**Your task**
Using the listing below, print exactly everything from the line with "Pink Baby Shower" down to the line with "Simple Style Commute", both included, and nothing more.

**Information shown**
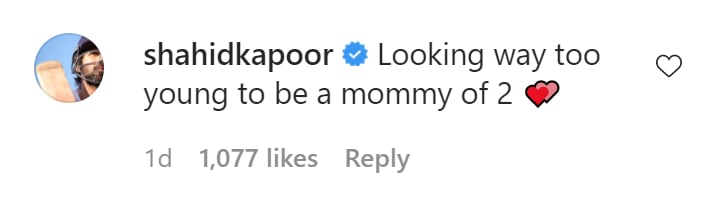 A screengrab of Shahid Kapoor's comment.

---

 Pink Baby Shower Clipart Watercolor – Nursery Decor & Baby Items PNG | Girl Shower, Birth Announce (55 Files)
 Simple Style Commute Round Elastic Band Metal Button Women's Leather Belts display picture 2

...

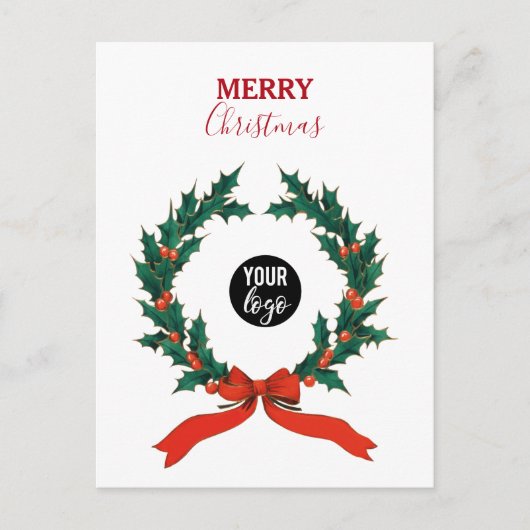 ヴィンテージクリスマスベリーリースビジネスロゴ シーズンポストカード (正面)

**Exercise solution**
 Pink Baby Shower Clipart Watercolor – Nursery Decor & Baby Items PNG | Girl Shower, Birth Announce (55 Files)
 Simple Style Commute Round Elastic Band Metal Button Women's Leather Belts display picture 2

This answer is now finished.